Work instruction —
Where a picture appears, leave it out; copy everything else in the records exactly.

Source records —
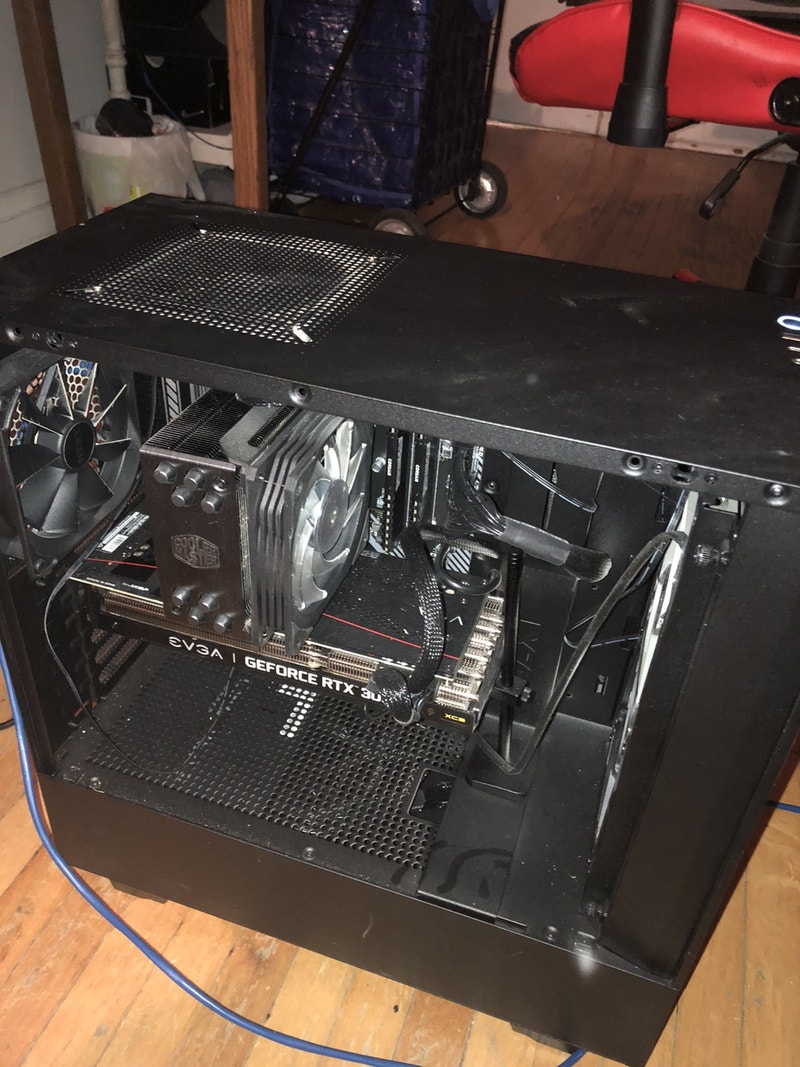4 month old Personal pc build Evga 3080 ryzen 9 5900x Desktop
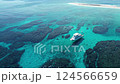 沖縄、チービシ、海、ドローン映像、珊瑚礁、船、ダイビング、シュノーケリング、自然、風景、南国、夏、海 124566659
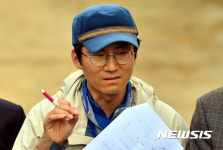 정일가전할인매장 | 5·18 암매장 발굴작업 설명하는 정일 실장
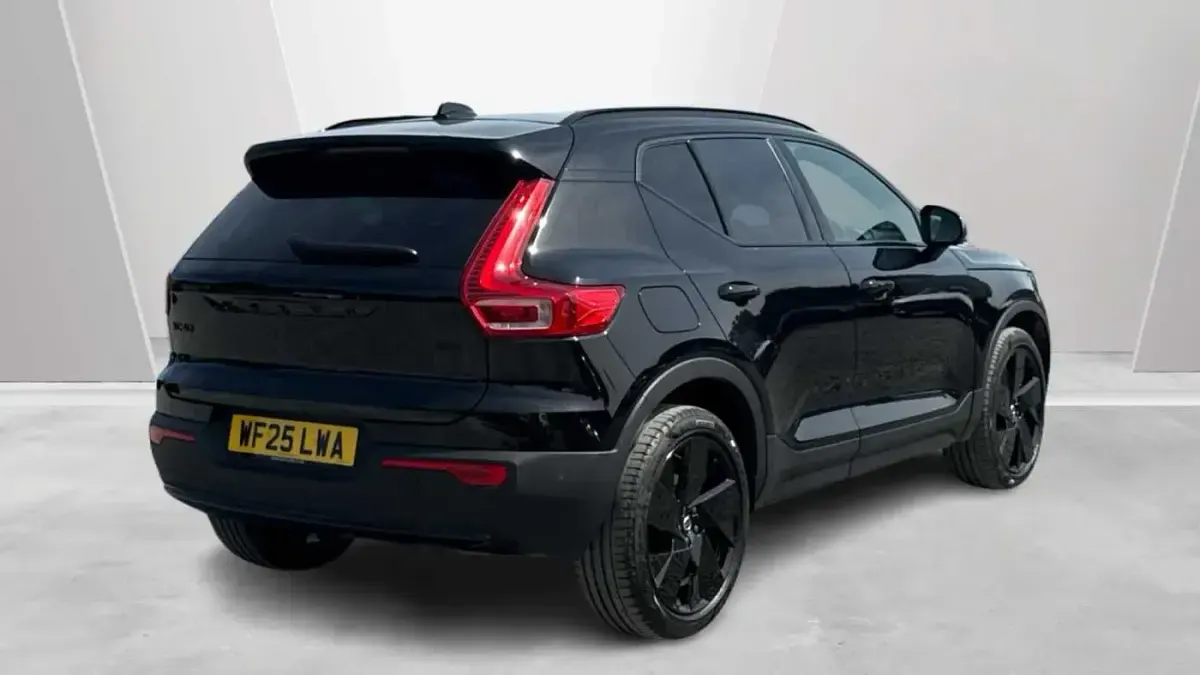 Used Volvo XC40 Plus 194 HP (142 kW) 2025 SUV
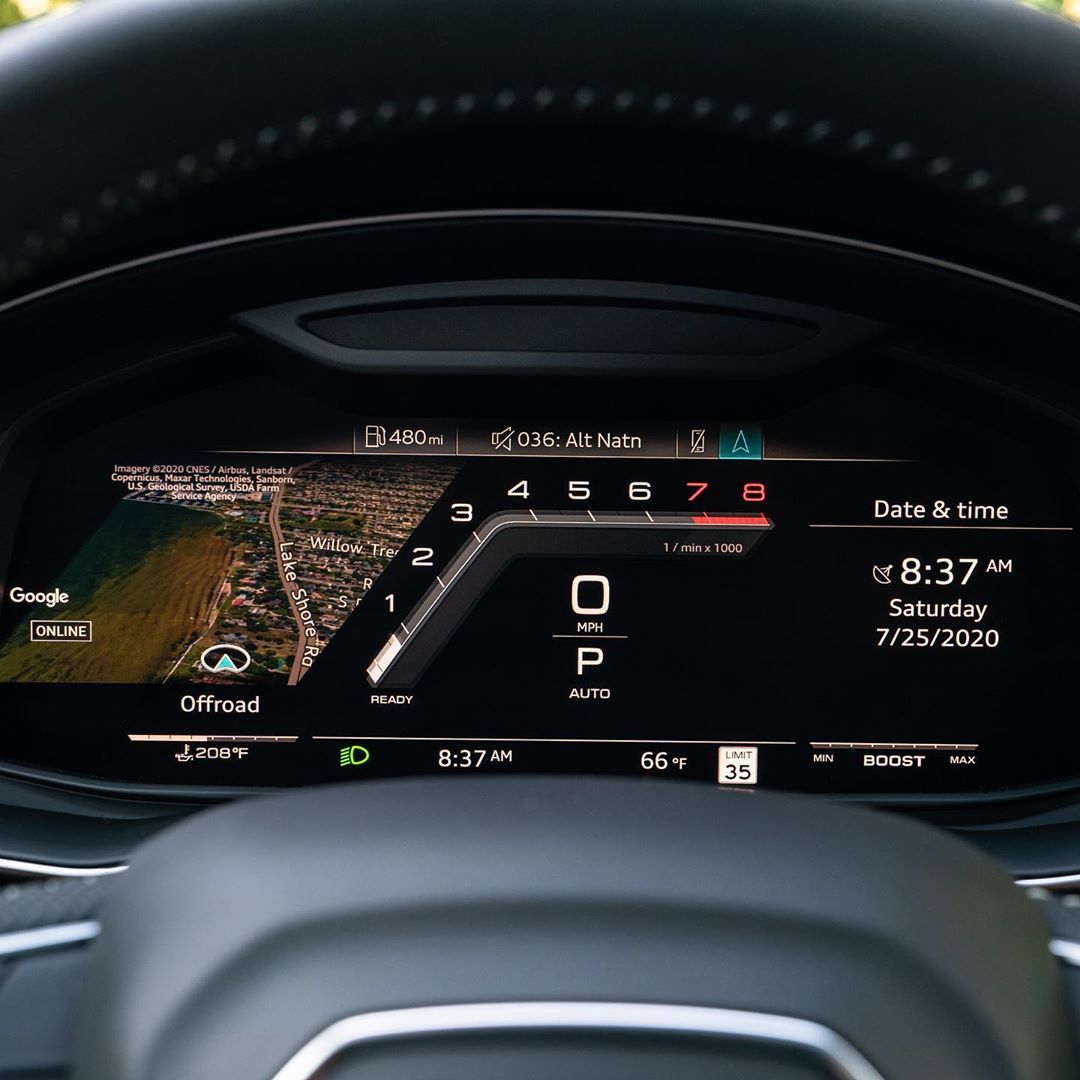 好看的汽车图片：奥迪 SQ7 V8双涡轮增压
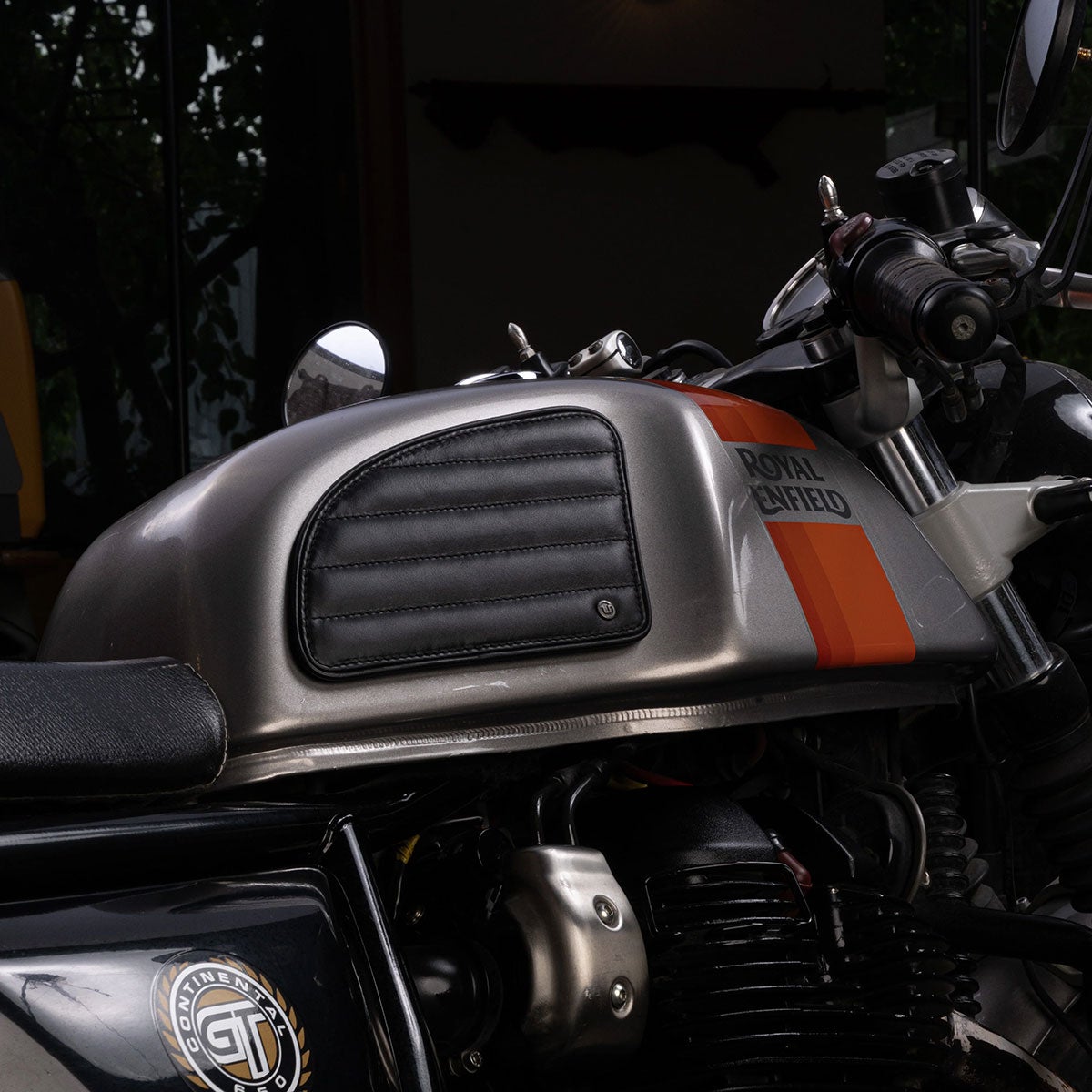 Trip Machine｜タンクパッド for ロイヤル・エンフィールド Continental GT 650｜雑貨｜ブラック｜使用イメージ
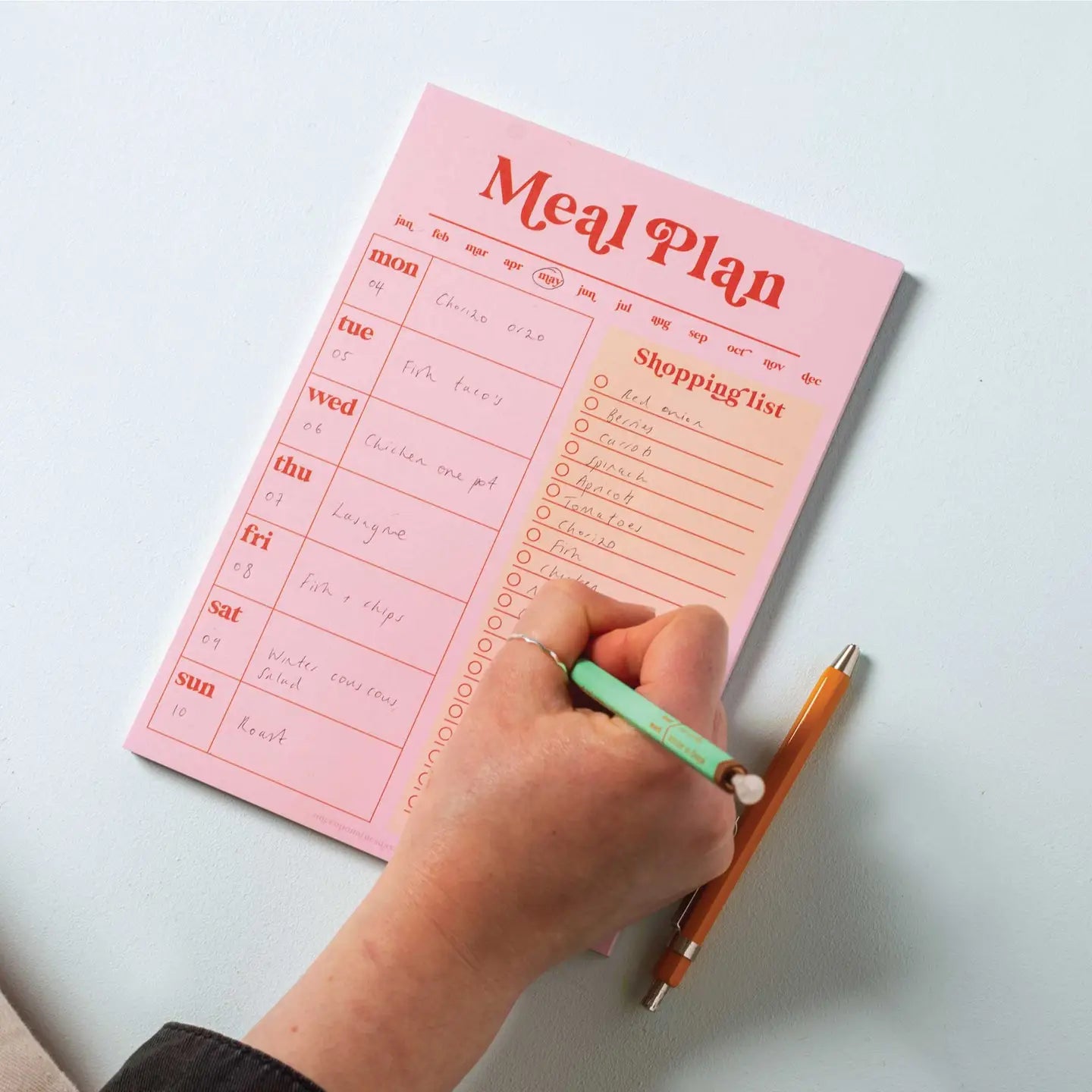 A5 Meal Planner - pink & red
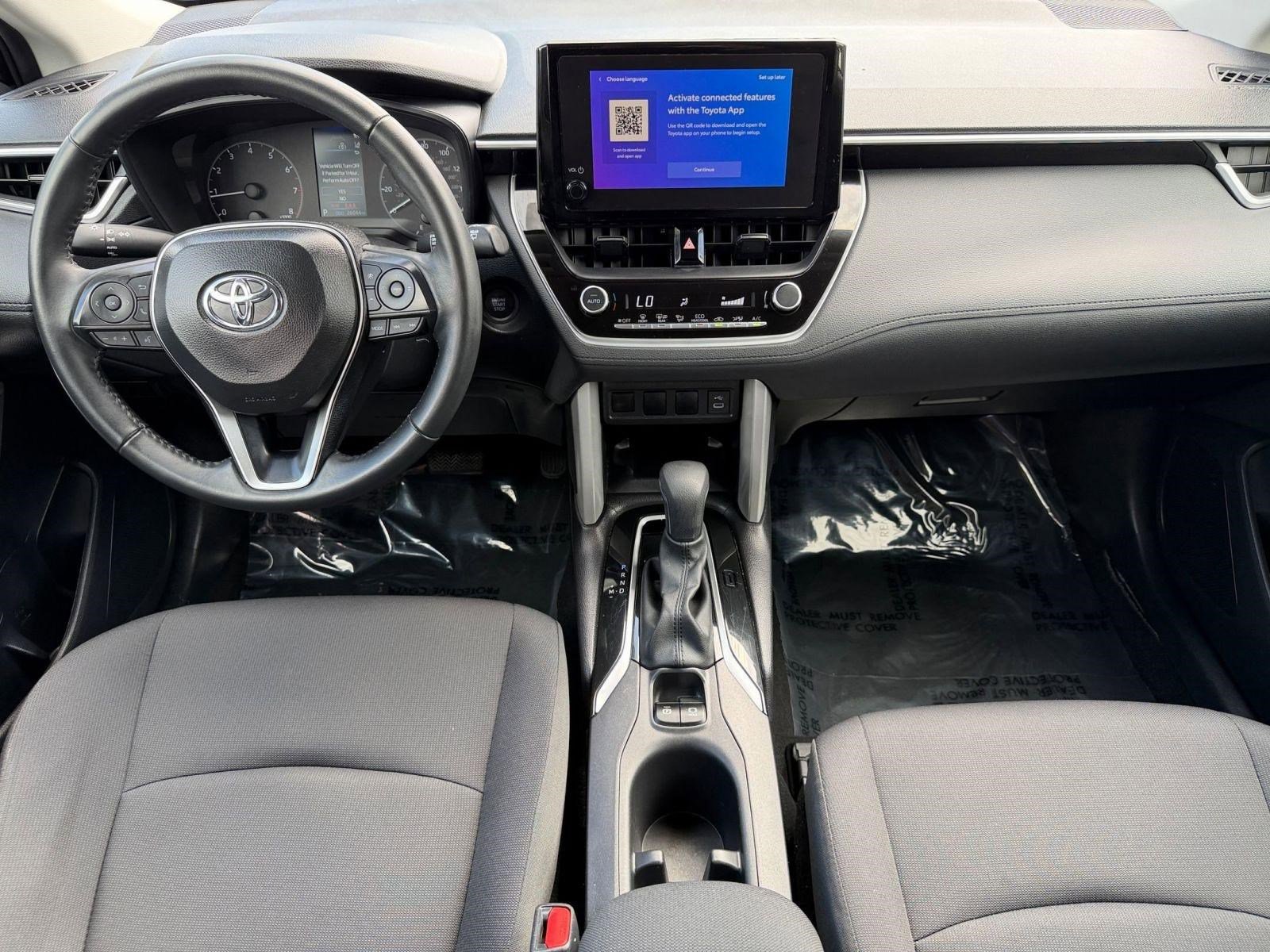 Used 2025 Toyota Corolla Cross LE image 25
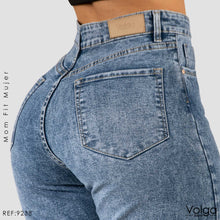 Cargar imagen en el visor de la galería, JEANS MUJER MOM FIT TIRO ALTO 9238
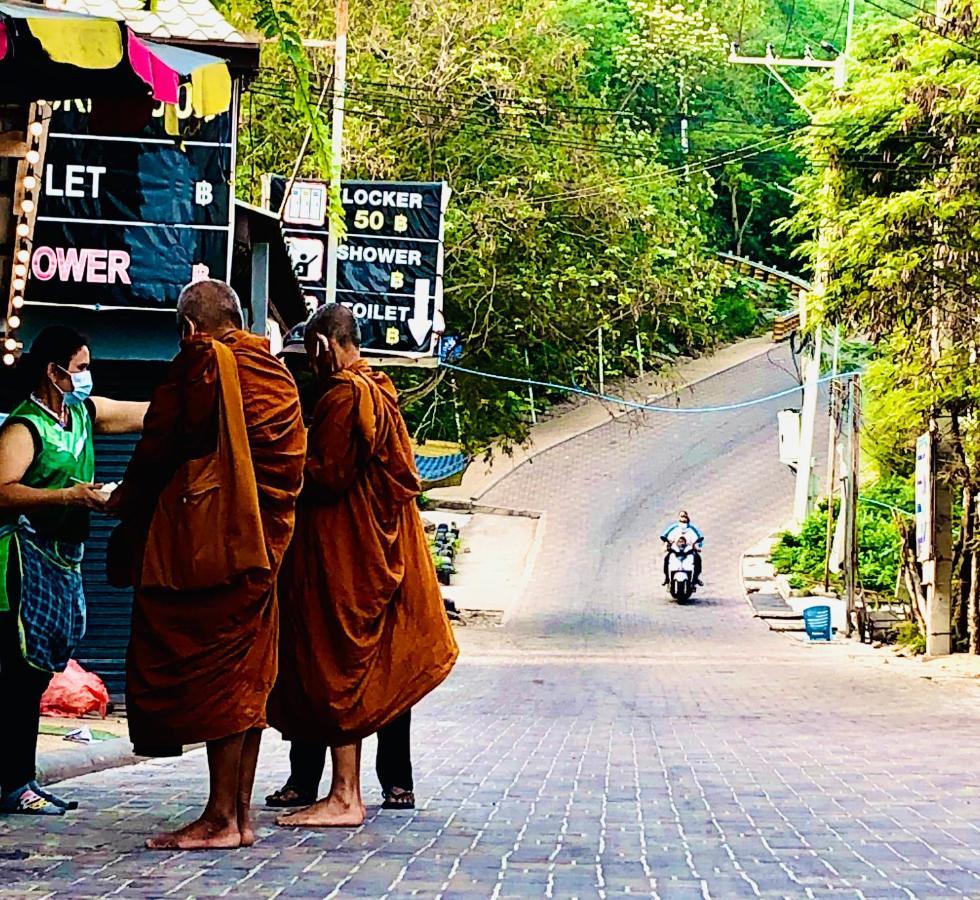 Koh Larn White House Hotel Buitenkant foto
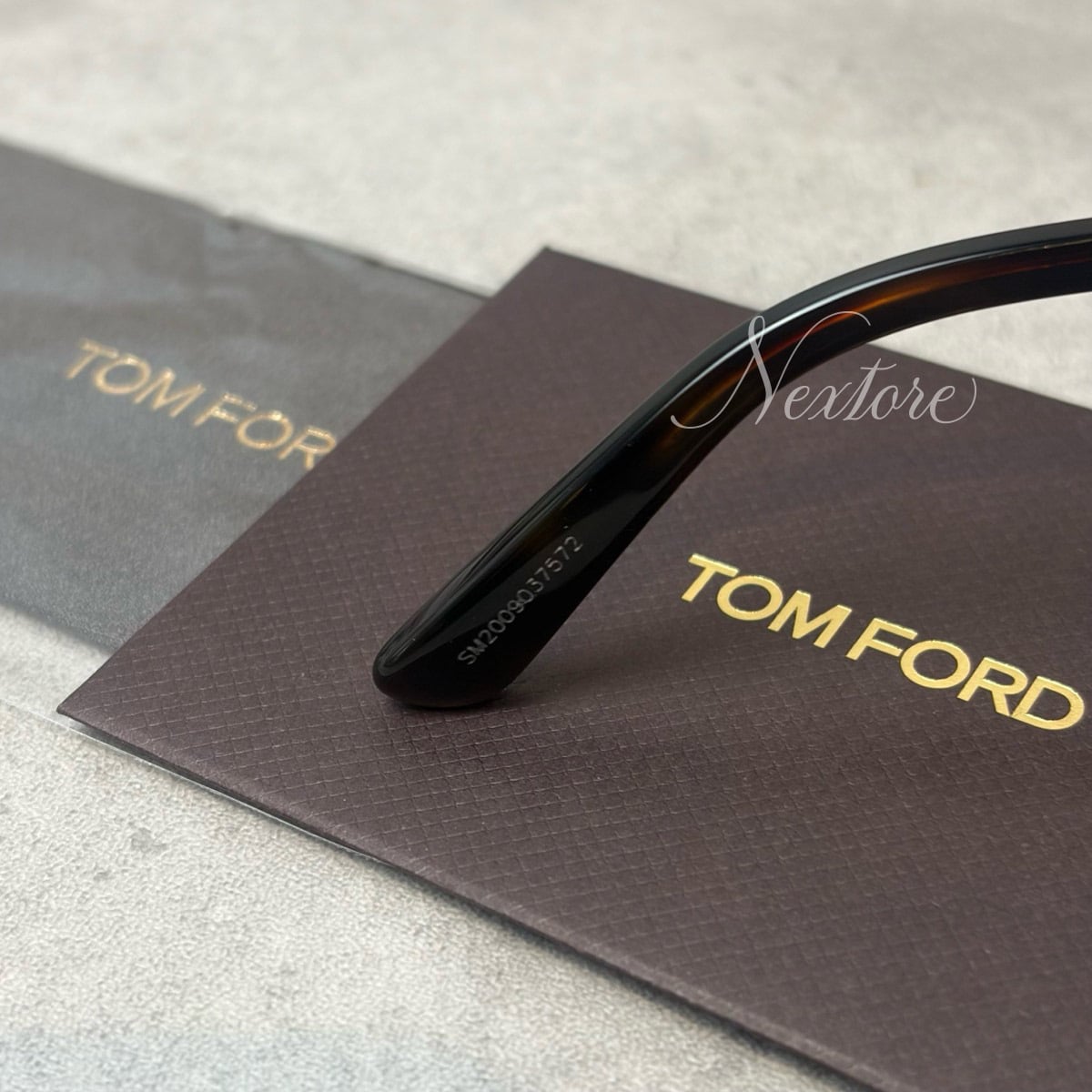 【並行輸入品】【正規品・新品 箱付き】TOMFORD トムフォード TF862 FT862 56C イタリア製 サングラス メガネ 眼鏡 メンズ レディース TOM FORD トム フォード 伊達メガネ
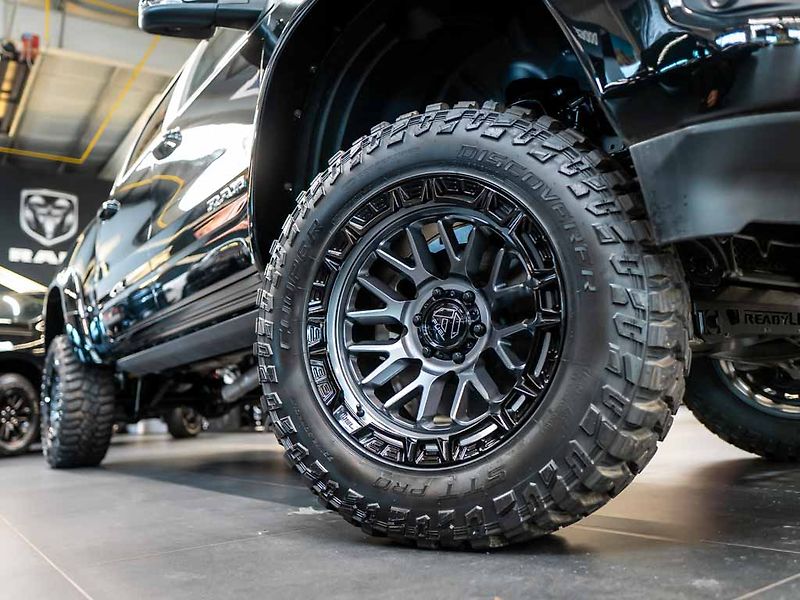 Dodge RAM (2025) 5.7 V8 Laramie 6 LIFT LPG - fotka 14 z 40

Result —
4 month old Personal pc build Evga 3080 ryzen 9 5900x Desktop
 沖縄、チービシ、海、ドローン映像、珊瑚礁、船、ダイビング、シュノーケリング、自然、風景、南国、夏、海 124566659
 정일가전할인매장 | 5·18 암매장 발굴작업 설명하는 정일 실장
 Used Volvo XC40 Plus 194 HP (142 kW) 2025 SUV
 好看的汽车图片：奥迪 SQ7 V8双涡轮增压
 Trip Machine｜タンクパッド for ロイヤル・エンフィールド Continental GT 650｜雑貨｜ブラック｜使用イメージ
 A5 Meal Planner - pink & red
 Used 2025 Toyota Corolla Cross LE image 25
 Cargar imagen en el visor de la galería, JEANS MUJER MOM FIT TIRO ALTO 9238
 Koh Larn White House Hotel Buitenkant foto
 【並行輸入品】【正規品・新品 箱付き】TOMFORD トムフォード TF862 FT862 56C イタリア製 サングラス メガネ 眼鏡 メンズ レディース TOM FORD トム フォード 伊達メガネ
 Dodge RAM (2025) 5.7 V8 Laramie 6 LIFT LPG - fotka 14 z 40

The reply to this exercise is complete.